MacLaurin expansion from f(x)=x^(t-m)\sin^2(4x)?

I tried to get differentials but the first is already hard enough...

First differential uses product rule. What's the second...?

1 Answer
May 26, 2018

f(x)=sum_(n=1)^oo(-1)^(n+1)2^(6n-1)x^(2n+t-m)/((2n)!)

Explanation:

We'll need to first find a series representation for sin^2(4x). However, this cannot be done right away due to the square.

Recall the identity

sin^2x=1/2(1-cos2x)

From this, we can see that

sin^2(4x)=1/2(1-cos8x)

Recalling the Maclaurin series for cosine,

cosx=sum_(n=0)^oo(-1)^nx^(2n)/((2n)!), we see that

cos8x=sum_(n=0)^oo(-1)^n(8x)^(2n)/((2n)!)

=sum_(n=0)^oo(-1)^n64^nx^(2n)/((2n)!)

So,

sin^2(4x)=1/2(1-sum_(n=0)^oo(-1)^n64^nx^(2n)/((2n)!))

However, writing out the 0th term for the series we have, we see

sum_(n=0)^oo(-1)^n64^nx^(2n)/((2n)!)=1+sum_(n=1)^oo(-1)^n64^nx^(2n)/((2n)!)

So,

sin^2(4x)=1/2(cancel1-(cancel1+sum_(n=1)^oo(-1)^n64^nx^(2n)/((2n)!)))

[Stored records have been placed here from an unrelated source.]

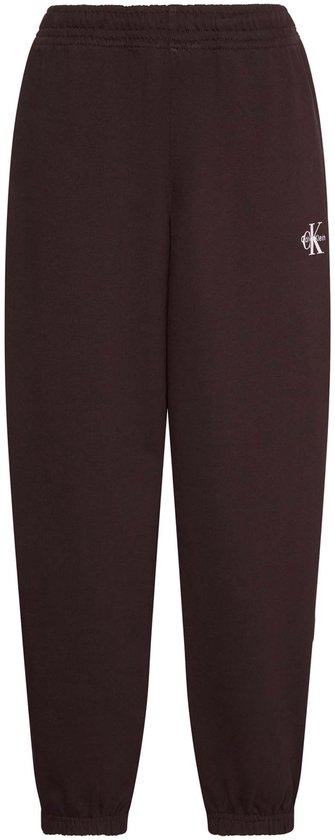Bruine joggingbroek met elastische tailleband en witte Calvin Klein Jeans logo op de linker heup.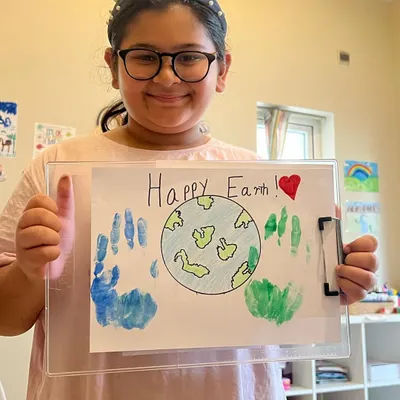 Spreading Earth Day vibes! This young artist is proud of her "Happy Earth" artwork, complete with handprint continents. It's a great way to learn about preserving our beautiful planet.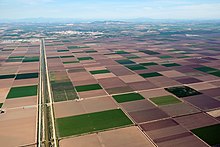 Irrigation of agricultural fields in Andalusia, Spain. Irrigation canal on the left. Fields SW from Sevilla.jpg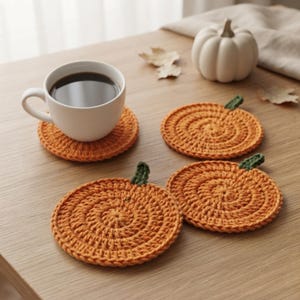 Könnte beinhalten: Drei runde, orangefarbene, gehäkelte Untersetzer mit kleinen grünen Stielen, die wie Kürbisse gestaltet sind. Ein Untersetzer trägt eine weiße Keramiktasse mit schwarzem Kaffee, während die anderen beiden in der Nähe auf einer Holzoberfläche liegen.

=-1/2sum_(n=1)^oo(-1)^n64^nx^(2n)/((2n)!)

64^n=(2^6)^n=2^(6n) -- we rewrite here because we want to be able to multiply in the 1/2=2^-1 outside.

We multiply in the - by seeing that -1*(-1)^n=(-1)^(n+1).

=2^-1sum_(n=1)^oo(-1)^(n+1)2^(6n)x^(2n)/((2n)!)

=sum_(n=1)^oo(-1)^(n+1)2^(6n-1)x^(2n)/((2n)!)

Thus,

f(x)=x^(t-m)sum_(n=1)^oo(-1)^(n+1)2^(6n-1)x^(2n)/((2n)!)

We can multiply in the x^(t-m), as t-m is really just some constant, and x^(t-m)*x^(2n)=x^(2n+t-m)

f(x)=sum_(n=1)^oo(-1)^(n+1)2^(6n-1)x^(2n+t-m)/((2n)!)